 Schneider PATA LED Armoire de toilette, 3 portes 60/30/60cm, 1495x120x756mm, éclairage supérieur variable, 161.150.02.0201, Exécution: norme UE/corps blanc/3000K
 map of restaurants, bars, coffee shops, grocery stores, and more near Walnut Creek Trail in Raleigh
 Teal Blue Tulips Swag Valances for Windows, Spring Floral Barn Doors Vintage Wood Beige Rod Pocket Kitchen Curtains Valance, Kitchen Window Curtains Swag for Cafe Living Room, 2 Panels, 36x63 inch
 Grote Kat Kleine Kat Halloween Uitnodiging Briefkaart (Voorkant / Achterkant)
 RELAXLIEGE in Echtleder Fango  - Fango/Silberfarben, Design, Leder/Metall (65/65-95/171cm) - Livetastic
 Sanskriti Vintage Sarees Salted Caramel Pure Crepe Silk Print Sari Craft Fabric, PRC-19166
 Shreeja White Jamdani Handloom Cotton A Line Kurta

...

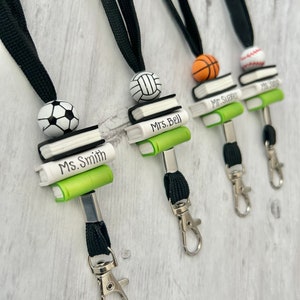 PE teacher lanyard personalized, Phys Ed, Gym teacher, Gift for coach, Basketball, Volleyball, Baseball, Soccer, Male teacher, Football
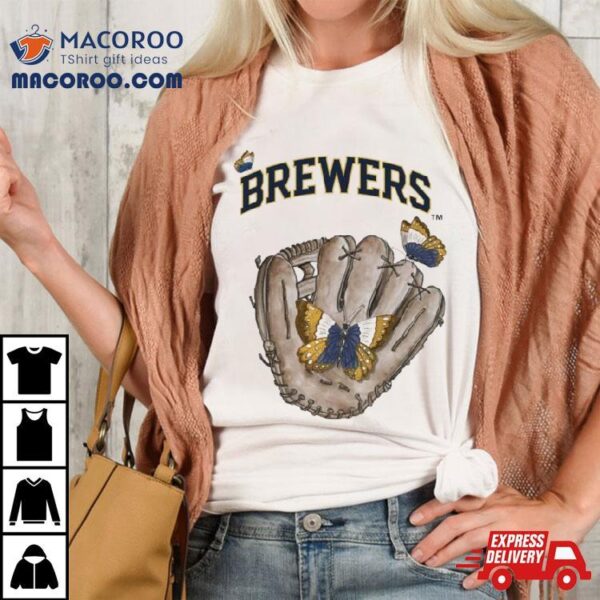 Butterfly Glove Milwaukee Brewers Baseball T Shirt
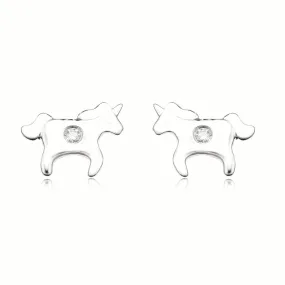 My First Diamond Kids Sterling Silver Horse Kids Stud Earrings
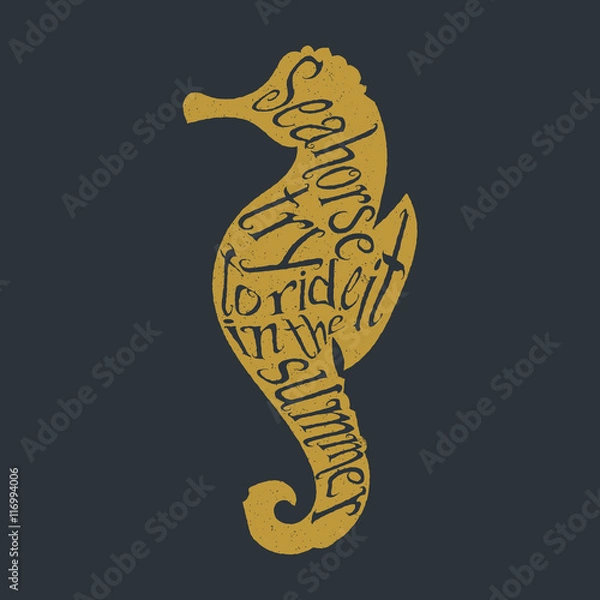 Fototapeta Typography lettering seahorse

==

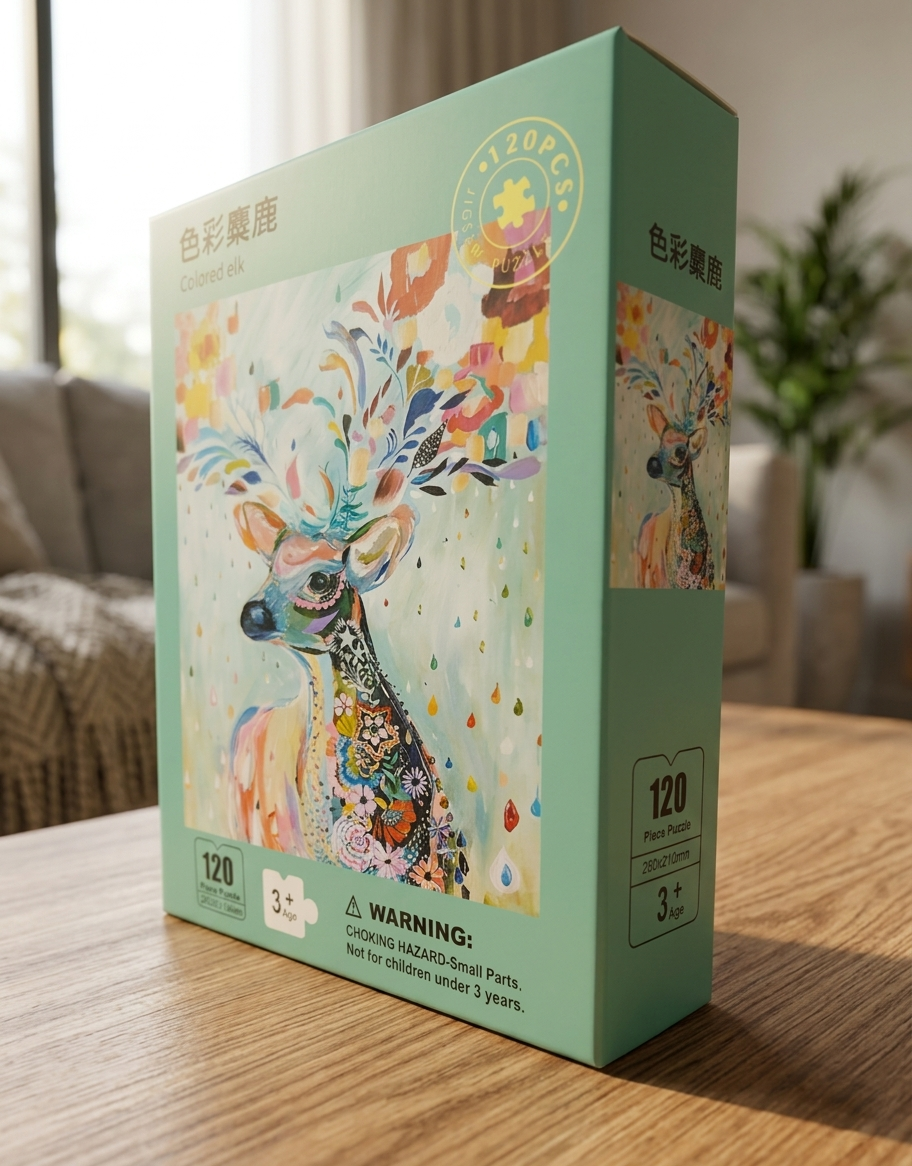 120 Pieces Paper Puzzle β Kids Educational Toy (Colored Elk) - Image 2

REQUIREMENT: Each line in the entries above that includes the word "Vintage" counts once; state the total and nothing else.

WRITTEN REPLY: 2